Employment Law

By Simon Dewberry
Employment & Safety Oil & Gas Industrials

In this issue

We look at whether employers have a right to direct employees to perform higher duties; an employer's consultation obligations during a redundancy process; how an employer's failure to give a balanced view to employees resulted in it being forced to the bargaining table; and a decision that casts doubt on the effectiveness of set-off clauses in contracts for employees who are covered by a modern award.

Dismissal for refusal to perform higher duties not a breach

In brief: The Full Court of the Federal Court has decided that the dismissal of an employee who refused a direction to perform higher duties was not a breach of the general protections provisions in the Fair Work Act. Senior Associate Tarsha Gavin and Lawyer Tom Kavanagh report.

How does it affect you?

  • Employers wanting to direct employees to perform higher duties should consider whether they have a legal entitlement to do so (eg in an award or enterprise agreement).
  • An employee's refusal to comply with a reasonable direction is unlikely to constitute a workplace right for the purposes of the general protections provisions in the Fair Work Act.


Qube Ports Pty Ltd (Qube) employed Mr McMaster in the position of Stevedore Grade 3 at the Port of Melbourne. His employment was covered by an enterprise agreement. The enterprise agreement incorporated the job classifications of the Stevedoring Industry Award 2010.

In June 2013, Mr McMaster refused a direction from Qube to perform the duties of Stevedore Grade 5 for a particular shift, despite having agreed to do so on several previous shifts.

Qube subsequently dismissed Mr McMaster for this refusal and he commenced a general protections claim. Mr McMaster claimed that Qube dismissed him because of his exercise of a workplace right (ie his refusal to follow Qube's direction).

The trial judge decided that Qube had no legal right under the award or the enterprise agreement to require Mr McMaster to perform higher duties, and 'as an inevitable consequence' Mr McMaster was entitled to refuse this direction. The trial judge concluded that the right of refusal was a workplace right. Since Qube did not dispute that the failure to comply with its direction was the reason for dismissal, the trial judge concluded that the dismissal breached the general protections.


On appeal1, the Full Court considered the relevant provisions of the enterprise agreement concerning higher duties and directions to perform work.
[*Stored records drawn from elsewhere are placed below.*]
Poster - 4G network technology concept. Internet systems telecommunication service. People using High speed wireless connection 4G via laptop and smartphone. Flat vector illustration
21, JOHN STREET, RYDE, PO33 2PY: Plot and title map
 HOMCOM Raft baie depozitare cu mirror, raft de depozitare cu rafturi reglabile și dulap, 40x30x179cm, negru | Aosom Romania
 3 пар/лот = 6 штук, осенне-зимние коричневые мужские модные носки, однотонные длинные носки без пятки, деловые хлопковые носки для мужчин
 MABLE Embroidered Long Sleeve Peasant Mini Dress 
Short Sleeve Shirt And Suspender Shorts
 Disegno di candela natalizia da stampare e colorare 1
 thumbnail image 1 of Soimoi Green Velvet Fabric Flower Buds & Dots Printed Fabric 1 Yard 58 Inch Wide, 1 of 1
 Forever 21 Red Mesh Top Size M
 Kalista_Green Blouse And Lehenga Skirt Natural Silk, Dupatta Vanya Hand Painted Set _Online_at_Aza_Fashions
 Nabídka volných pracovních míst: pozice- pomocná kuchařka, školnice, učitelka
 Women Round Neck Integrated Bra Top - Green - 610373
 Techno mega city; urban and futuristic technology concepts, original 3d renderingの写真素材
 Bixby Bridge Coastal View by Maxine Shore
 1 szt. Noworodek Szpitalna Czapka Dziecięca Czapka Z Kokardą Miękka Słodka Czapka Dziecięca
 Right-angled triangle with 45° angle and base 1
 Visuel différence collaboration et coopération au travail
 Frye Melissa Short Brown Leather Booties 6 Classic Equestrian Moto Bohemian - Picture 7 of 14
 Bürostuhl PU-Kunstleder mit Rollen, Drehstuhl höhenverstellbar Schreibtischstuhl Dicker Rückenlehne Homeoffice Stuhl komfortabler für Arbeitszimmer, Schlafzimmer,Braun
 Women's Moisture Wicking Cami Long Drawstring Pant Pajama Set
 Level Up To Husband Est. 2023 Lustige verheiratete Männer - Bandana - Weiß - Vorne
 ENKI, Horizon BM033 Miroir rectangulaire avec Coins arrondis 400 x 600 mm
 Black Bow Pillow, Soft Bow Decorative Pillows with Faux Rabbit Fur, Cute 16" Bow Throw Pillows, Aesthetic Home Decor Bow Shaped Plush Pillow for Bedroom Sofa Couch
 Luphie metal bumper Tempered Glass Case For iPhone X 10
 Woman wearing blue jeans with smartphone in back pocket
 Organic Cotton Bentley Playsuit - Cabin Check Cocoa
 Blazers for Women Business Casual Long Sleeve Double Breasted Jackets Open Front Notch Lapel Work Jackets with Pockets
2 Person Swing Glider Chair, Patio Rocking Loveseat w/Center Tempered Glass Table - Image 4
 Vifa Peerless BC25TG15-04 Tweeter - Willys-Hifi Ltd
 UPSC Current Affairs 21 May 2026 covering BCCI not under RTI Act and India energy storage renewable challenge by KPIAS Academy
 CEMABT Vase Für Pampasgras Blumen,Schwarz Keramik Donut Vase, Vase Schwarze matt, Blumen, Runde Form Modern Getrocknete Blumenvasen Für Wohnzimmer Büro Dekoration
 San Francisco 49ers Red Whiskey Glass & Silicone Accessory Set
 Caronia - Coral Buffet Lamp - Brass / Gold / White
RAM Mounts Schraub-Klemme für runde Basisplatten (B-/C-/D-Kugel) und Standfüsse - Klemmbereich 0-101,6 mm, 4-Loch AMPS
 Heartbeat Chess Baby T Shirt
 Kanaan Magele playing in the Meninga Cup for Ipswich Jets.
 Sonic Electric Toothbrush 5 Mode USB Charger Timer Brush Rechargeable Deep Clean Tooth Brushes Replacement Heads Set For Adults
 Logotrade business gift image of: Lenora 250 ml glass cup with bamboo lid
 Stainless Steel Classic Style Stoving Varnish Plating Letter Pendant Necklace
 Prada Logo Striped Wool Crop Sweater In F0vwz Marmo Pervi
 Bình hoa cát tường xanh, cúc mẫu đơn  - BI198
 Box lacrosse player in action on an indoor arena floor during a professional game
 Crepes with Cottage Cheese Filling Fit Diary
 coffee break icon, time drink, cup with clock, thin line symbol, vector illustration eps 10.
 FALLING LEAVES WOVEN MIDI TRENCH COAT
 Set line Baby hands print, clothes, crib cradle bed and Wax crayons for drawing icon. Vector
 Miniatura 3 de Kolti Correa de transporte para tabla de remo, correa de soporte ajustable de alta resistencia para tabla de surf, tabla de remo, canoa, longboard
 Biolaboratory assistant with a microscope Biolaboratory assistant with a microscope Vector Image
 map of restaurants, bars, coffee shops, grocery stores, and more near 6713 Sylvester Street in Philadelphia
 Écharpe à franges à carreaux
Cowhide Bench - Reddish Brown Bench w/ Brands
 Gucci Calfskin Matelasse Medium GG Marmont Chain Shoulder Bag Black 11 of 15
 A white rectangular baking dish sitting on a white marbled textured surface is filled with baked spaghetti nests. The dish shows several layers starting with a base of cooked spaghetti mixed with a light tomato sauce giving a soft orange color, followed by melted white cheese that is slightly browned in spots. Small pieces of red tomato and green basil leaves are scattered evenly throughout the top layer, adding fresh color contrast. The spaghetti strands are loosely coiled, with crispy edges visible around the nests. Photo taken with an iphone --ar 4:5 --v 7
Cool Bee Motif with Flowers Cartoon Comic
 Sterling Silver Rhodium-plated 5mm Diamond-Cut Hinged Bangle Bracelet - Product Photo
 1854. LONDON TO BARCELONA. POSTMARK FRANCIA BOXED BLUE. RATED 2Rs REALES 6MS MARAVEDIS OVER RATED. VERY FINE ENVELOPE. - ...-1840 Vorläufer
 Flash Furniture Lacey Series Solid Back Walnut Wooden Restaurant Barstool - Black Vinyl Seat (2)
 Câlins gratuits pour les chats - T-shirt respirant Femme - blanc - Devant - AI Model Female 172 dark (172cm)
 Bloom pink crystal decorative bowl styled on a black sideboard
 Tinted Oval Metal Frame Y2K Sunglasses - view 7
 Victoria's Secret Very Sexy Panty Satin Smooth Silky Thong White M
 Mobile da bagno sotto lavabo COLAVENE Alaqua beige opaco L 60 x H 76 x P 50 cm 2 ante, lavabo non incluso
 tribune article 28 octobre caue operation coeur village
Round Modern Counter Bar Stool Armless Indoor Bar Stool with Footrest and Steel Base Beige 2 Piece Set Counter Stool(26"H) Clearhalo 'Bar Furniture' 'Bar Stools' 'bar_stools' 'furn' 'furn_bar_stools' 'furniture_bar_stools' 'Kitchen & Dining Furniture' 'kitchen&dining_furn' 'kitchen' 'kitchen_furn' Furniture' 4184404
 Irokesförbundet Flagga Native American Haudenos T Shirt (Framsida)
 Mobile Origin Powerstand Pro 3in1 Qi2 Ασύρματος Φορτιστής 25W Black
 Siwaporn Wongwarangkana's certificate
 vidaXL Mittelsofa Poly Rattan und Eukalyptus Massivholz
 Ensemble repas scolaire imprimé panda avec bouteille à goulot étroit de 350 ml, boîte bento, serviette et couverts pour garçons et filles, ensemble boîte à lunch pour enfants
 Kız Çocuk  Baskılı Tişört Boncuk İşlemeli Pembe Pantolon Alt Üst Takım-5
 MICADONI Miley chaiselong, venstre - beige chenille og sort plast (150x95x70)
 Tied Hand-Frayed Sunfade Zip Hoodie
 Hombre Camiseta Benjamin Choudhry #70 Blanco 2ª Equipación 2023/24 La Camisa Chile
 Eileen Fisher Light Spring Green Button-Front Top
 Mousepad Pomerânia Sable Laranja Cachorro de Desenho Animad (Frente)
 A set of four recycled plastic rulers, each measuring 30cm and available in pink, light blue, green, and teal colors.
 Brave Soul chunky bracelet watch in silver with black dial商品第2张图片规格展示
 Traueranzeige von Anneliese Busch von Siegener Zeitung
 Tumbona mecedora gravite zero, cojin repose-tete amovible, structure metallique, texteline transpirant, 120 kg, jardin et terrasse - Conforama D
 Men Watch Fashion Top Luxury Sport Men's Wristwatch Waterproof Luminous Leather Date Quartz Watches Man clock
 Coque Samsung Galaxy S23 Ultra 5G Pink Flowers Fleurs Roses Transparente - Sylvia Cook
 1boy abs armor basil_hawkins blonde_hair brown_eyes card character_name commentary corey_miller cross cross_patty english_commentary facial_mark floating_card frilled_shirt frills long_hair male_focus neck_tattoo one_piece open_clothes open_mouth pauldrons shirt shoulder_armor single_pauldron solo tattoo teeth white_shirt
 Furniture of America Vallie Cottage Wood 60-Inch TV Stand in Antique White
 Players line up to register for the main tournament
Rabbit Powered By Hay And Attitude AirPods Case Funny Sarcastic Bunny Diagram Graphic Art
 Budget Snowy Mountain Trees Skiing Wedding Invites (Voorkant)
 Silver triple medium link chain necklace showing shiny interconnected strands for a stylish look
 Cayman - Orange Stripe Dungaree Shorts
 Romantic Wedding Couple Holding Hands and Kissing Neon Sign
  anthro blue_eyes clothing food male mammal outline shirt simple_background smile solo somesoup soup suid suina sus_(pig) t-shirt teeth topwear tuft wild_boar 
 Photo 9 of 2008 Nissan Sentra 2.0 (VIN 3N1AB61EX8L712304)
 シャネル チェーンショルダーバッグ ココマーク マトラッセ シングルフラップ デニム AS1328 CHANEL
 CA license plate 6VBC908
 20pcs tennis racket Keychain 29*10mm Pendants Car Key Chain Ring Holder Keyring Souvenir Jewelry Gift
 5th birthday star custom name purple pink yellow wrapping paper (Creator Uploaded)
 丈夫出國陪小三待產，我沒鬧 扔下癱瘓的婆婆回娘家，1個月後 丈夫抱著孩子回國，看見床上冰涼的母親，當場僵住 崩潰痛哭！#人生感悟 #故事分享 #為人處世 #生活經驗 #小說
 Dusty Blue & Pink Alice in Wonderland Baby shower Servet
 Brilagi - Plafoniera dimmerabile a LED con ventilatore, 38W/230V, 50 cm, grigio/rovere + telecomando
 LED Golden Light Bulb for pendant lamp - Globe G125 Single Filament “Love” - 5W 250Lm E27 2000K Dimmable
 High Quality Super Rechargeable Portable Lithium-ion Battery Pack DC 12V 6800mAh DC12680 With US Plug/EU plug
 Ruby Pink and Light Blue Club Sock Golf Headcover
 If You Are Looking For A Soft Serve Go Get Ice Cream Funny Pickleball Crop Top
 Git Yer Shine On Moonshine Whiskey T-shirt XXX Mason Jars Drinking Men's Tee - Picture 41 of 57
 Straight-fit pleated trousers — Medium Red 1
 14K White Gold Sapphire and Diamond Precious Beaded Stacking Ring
Those provisions stated that each employee would carry out all work within their recognised and required competency as reasonably directed by Qube. Further, nothing in the enterprise agreement prevented Qube from directing an employee to perform any work for which they were appropriately skilled. Although each member of the Full Court adopted slightly different reasoning, each concluded that this provision permitted Qube to direct Mr McMaster to perform higher duties.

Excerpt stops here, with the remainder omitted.